Llegamos al lugar tras estar vagabundeando durante un rato. Había sido un concierto de música gótica y habíamos sido la pareja más peculiar de la noche: ella, una punk colorida; y yo, un punk aseñorado, pero con muchas ganas de agitar el cuerpo. Ana introdujo a escondidas bolsitas con alcohol bajo su vestido y que adentro bebimos sin gran disimulo. Dieron a las tres o cuatro de la mañana, era nuestra primera cita, y sabía y no sabía, todo lo que podría pasar. Fumamos marihuana y bebimos dextro, jarabe para la tos sin ningún otro componente. Nos sentíamos poseídos, mientras caminábamos de aquí para allá, y cruzábamos las calles y avenidas sin fijarnos demasiado. No teníamos a dónde ir y tarde o temprano, se desvanecerían los efectos. Pintarrajeamos la pared de una iglesia con dibujos extraños. Corrimos para colarnos y no ser alcanzados. Casi nos prendimos fuego y los paseantes nocturnos me parecían zombis. Aún recuerdo su vestido de una sola pieza que la hacía lucir como una agraciada petite oriental. Su talle, su risa franca y su lengua llena de expresiones delirantes y metafóricas. Me sentía apesadumbrado por saberme con dinero insuficiente en los bolsillos, pero si Ana me gustaba y despertaba en mí los mejores anhelos, era por sus ojos circulares, su voz expresiva y ese aire tan suyo como de incipiente locura, pero también por su audacia, su optimismo y su imaginación.

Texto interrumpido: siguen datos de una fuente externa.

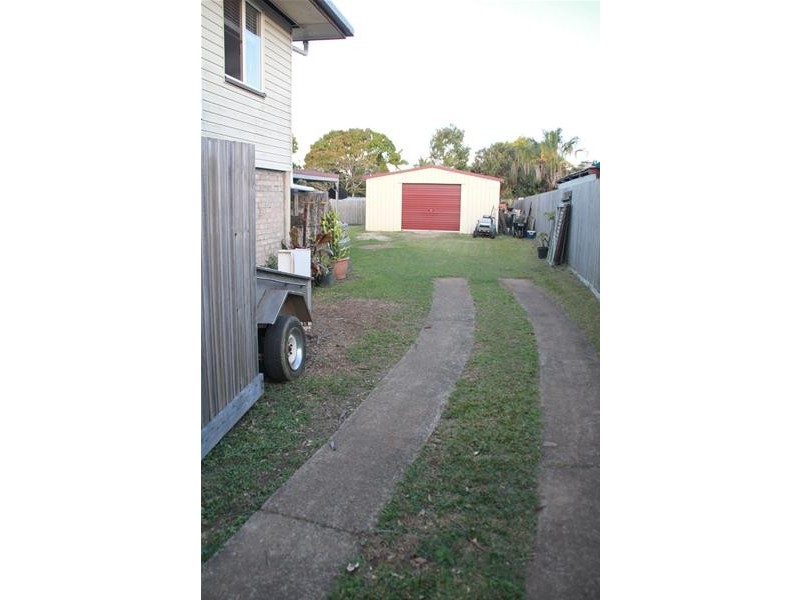 32 Place Avenue, Sarina QLD 4737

Después de todo, nuestro andar despreocupado nos condujo hasta un coche destartalado que encontramos por allí y el cual, Ana convirtió en una maceta para las semillas de girasol que traía en los bolsillos, pues estaba lleno de tierra. El jarabe seguía surtiendo efecto: aquella borrachera subjetiva de horripilante sabor cereza y su flotar intermitente dentro de uno mismo, hasta inducirnos esa felicidad robótica y absurda, hasta hacernos llorar abrazados en una esquina, y justo antes de dar con nuestra reservación en el mejor motel de la ciudad.

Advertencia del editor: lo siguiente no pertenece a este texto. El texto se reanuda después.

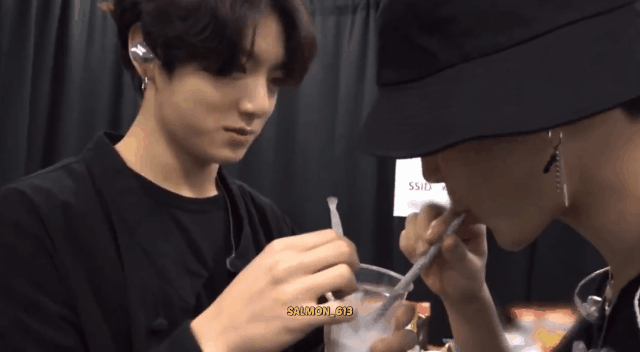 방탄 굳이 또 한 컵으로 같이 우유 마시기 ㅋㅋㅋㅋㅋㅋㅋㅋㅋㅋㅋㅋㅋㅋㅋㅋㅋㅋㅋ | 인스티즈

Se trataba de un centro de salud que nunca fue inaugurado y que tenía el candado partido en dos, para que cualquier curioso se colara sin levantar sospechas. Atravesamos el umbral y lo dejamos como estaba. Exploramos el patio con cautela y sin ninguna sorpresa, antes de adentrarnos y quitarnos las botas para entrar. Había trozos de vidrio regados por todo el suelo, pero lo que menos queríamos era ser descubiertos si es que habia alguien adentro. Me sentí como en una película de suspenso; y cuando al fin dimos con una esquina en la que nos sentimos, si no a gusto, al menos a salvo de una intemperie más fría, pasamos la noche abrazados en el suelo, mientras intercambiábamos nuestra ternura. Todavía recuerdo la luz azul que iluminaba su cara, sus besos suaves y el calor de nuestra humedad clandestina.